As well planned and consistent as the data integration process is, there are still gaps in the handoff between data discovery, mapping and data movement. Before ETL programmers can create data movement workflows, they must intimately understand the data they work with. Subject matter experts provide the much needed understanding of the business vocabulary and rules that govern how ETL programmers will ultimately design and execute ETL procesess.

The information conveyed from subject matter experts to ETL developers is traditionally done through document-centric means such as Excel spreadsheets or Word documents. There are a number of shortcomings with this approach:

  • All mapping information needs to be re-keyed from a document into an ETL tool
  • There are no standard ways to represent business rules in a document
  • Documented business rules can't be leveraged directly by an ETL tool
  • ETL Developers have no way of visualizing the workflow intended by a subject matter expert

  • Since document-centric approaches are not robust enough to fully capture the intended meanings of data mappings and business rules, ETL developers spend as much time understanding the subject material as they do developing ETL code flows.

    An approach that can better utilize the knowledge that subject matter experts provide can help reduce the amount of time ETL developers spend in understanding the data that they need to integrate.

    The Solution

    Sypherlink enables organizations to bridge the gap between the data discovey, mapping and ETL processes. Sypherlink Harvester not only automates the discovery and mapping process, but provides facilities to allow subject matter experts to more fully document intended data integration flows.

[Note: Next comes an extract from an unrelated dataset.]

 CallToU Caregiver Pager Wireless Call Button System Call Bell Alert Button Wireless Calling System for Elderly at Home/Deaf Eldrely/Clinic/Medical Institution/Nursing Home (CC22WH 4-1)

    Sypherlink provides this facility to allow pre-ETL work to be performed by the individuals that know the most about their data, but do not necessarily have an ETL development background. Harvester's Data Flow Designer allows subject matter experts to draw the intended data flows using a platform neutral diagramming tool, then provides facilities to export these flows into actual ETL code for a number of popular data integration packages.

    By letting subject matter experts map and diagram the data flows, the work of an ETL developer to understand the underlying data is reduced so that more focus can be spent on core integration tasks such as data cleansing.